» The input:
========

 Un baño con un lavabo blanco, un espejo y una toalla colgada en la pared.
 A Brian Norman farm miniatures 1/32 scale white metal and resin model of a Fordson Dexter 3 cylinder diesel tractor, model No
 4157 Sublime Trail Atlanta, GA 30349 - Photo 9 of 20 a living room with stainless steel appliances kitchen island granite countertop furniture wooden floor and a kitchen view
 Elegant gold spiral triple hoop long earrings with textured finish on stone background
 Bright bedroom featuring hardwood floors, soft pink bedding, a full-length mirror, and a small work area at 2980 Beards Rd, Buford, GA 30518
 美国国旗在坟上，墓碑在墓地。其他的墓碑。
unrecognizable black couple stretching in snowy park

========

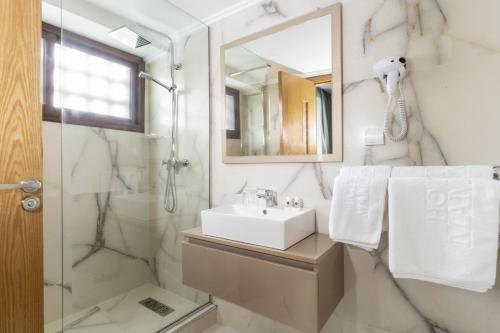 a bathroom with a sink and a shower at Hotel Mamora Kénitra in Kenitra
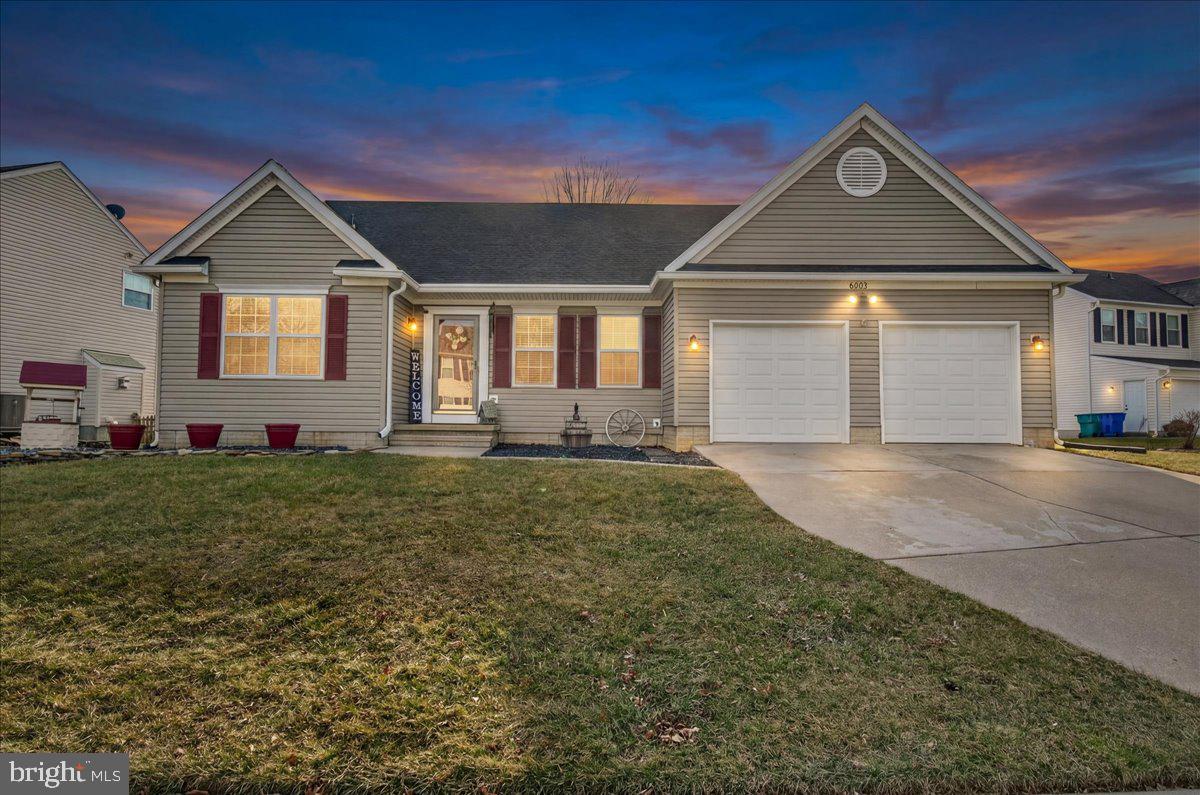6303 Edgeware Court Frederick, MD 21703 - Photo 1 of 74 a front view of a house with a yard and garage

========

» What is expected:
Taking the material above, extract exactly and only the lines from the line with "Un baño con" to the line with "美国国旗在坟上，墓碑在墓地。其他的墓碑。", inclusive of both.

» Solution to the problem:
 Un baño con un lavabo blanco, un espejo y una toalla colgada en la pared.
 A Brian Norman farm miniatures 1/32 scale white metal and resin model of a Fordson Dexter 3 cylinder diesel tractor, model No
 4157 Sublime Trail Atlanta, GA 30349 - Photo 9 of 20 a living room with stainless steel appliances kitchen island granite countertop furniture wooden floor and a kitchen view
 Elegant gold spiral triple hoop long earrings with textured finish on stone background
 Bright bedroom featuring hardwood floors, soft pink bedding, a full-length mirror, and a small work area at 2980 Beards Rd, Buford, GA 30518
 美国国旗在坟上，墓碑在墓地。其他的墓碑。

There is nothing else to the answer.